Material for the task -
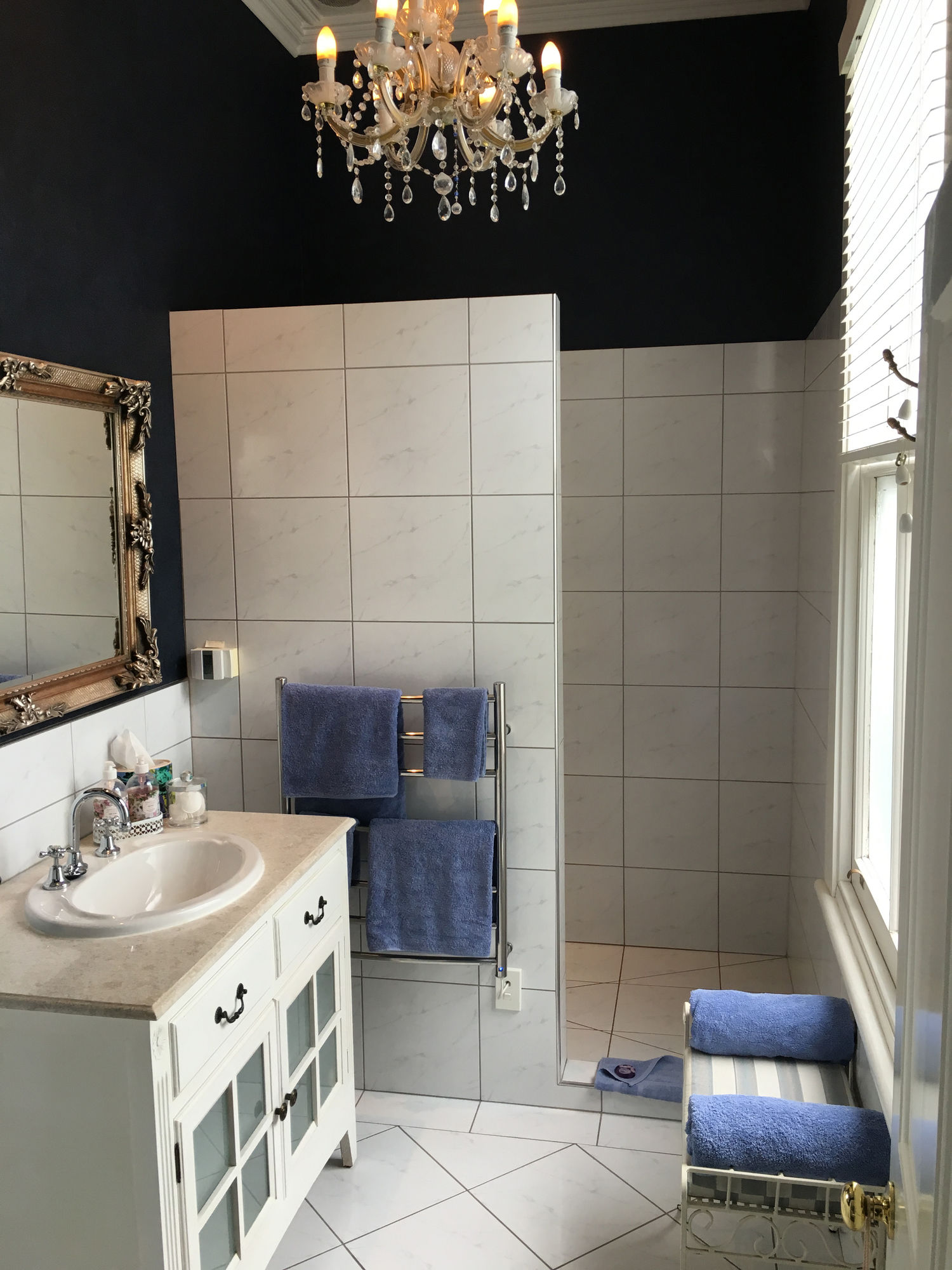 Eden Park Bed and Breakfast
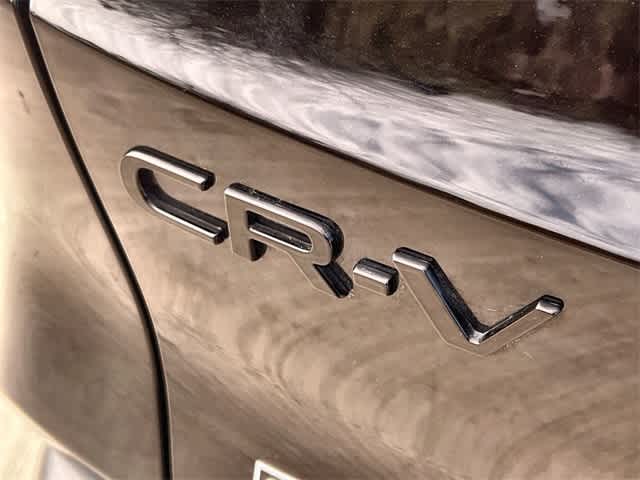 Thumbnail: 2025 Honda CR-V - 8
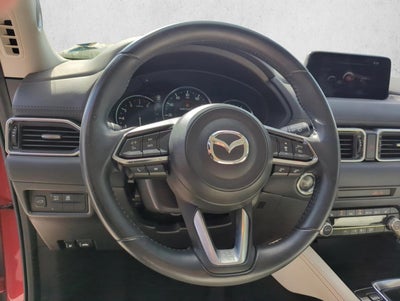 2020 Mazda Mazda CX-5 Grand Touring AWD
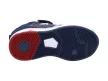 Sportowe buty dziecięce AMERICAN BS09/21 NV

--

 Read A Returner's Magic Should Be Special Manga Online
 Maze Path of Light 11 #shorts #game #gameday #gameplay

Aim of the task -
Copy out exactly the lines above beginning with the line that contains "Thumbnail: 2025 Honda CR-V - 8" and finishing with the line that contains "Sportowe buty dziecięce AMERICAN BS09/21 NV", including both; leave the pictures out.

Task result -
 Thumbnail: 2025 Honda CR-V - 8
 2020 Mazda Mazda CX-5 Grand Touring AWD
 Sportowe buty dziecięce AMERICAN BS09/21 NV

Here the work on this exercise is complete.